THE NATIONAL AGENCY’S PERSPECTIVE
• Innovative: The students assume control of what happens, guided by members of staff. They have created among themselves an effective project management team, allocating roles and responsibilities and running the day to day aspects of the project with minimal intervention. They refer to themselves as a ‘community’ or a ‘family’. They are able to articulate clearly the purpose and impact of the project on the people they work with and on themselves.
• Replicable: the model is replicable. The stimulus of an international event on the doorstep to generate interest in and opportunities for language learning is not new. This project seems to have been particularly successful in exploiting the opportunity. They have acted fast and developed a language learning project that offers much more. They see language as part of a bigger picture that enables them to connect with their own wider community and across international boundaries. The students’ view is that their model would work particularly well with lesser taught languages and/or those where cultural difference can be a stimulus to engagement. The Musubi days that they organise and run have a strong cultural theme through which language is threaded (making kimonos from newspaper; taking part in traditional and modern Japanese sports)

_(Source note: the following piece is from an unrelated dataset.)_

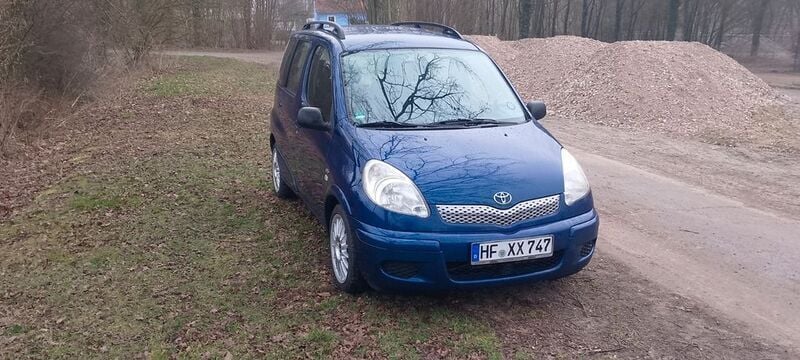 Bild 3/4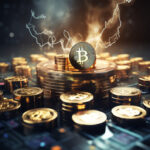 Señal alcista de Bitcoin: ¡Fuerte comienzo de semana!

• Effective: there has been a rapid increase in the numbers of students in A level Japanese. From September 2010 there will be 11 taking the A level option (from 5 in the 09/10 cohort). Staff and students attribute this increase directly to involvement with the project. The project is developing a cascade model, creating a network of schools that have been recipients of a Musubi day and have replicated the experience within their own ‘families’. The presence of the Japanese Olympic team in Loughborough for training is already opening up opportunities for the project team to engage in real interchange (interviews with 400 metre hurdlers have already happened); there are plans afoot to take a leading role in the welcome and orientation of the athletes.